China Says Dolce & Gabbana's Social Media Posts Are Racist – Do You?
Looks like somebody has some egg on their face. Maybe a pair of chopsticks would help? Dolce & Gabbana were forced to ‘postpone’ a long-planned fashion show in Shanghai Wednesday after an outcry over racially offensive posts on its social media accounts, a setback for the company in the world’s most important luxury market.
The Italian fashion house quickly issued a statement apologising and saying the accounts as well as that of its namesake designer Stefano Gabbana had been hacked, but it did little to calm a brewing social media uproar in China.

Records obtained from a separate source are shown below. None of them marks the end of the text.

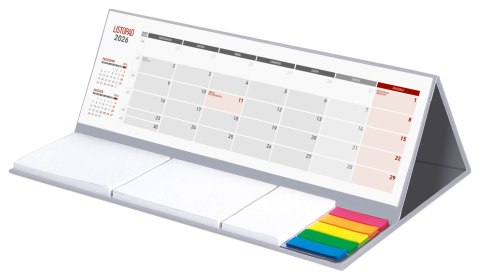 Kalendarz z notesem MAXI miesięczny KB062B szary 2026 WOKÓŁ NAS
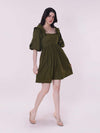 Olive Poplin Flary Dress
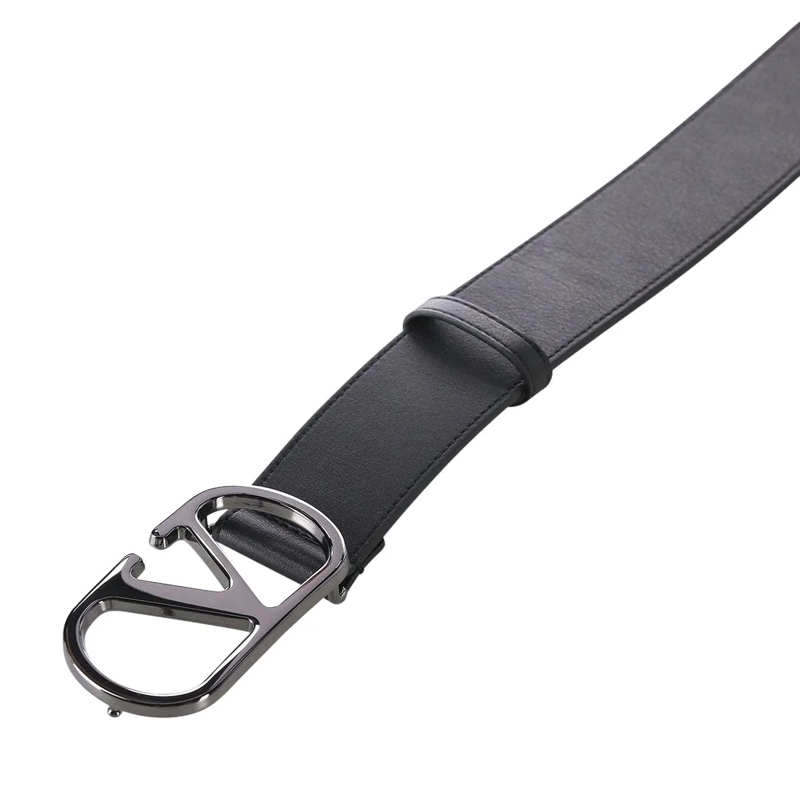 Valentino Garavani Leren Riem Gürtel mit Logo-Schnalle schwarz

Some of China’s biggest celebrities had been billed to attend the “Great Show” event, but on Wednesday one after another announced their withdrawal. “Our mother country is more important than anything, we appreciate the vigour and beauty of our cultural heritage,” said the management of Wang Junkai, a hugely popular singer in boyband TFBoys, as they announced his withdrawal. Wang, who was also an ambassador for the brand, also announced that he would no longer be working with the brand, as did Chinese-Uyghur celebrity, Dilireba. Li Bingbing, who was also slated to attend made her sentiments clear by telling her 42 million fans on Weibo that “I love my mother country.”
The controversy arose after Dolce & Gabbana posted short clips on Instagram earlier this week showing a woman eating pizza and spaghetti with chopsticks that some deemed culturally insensitive.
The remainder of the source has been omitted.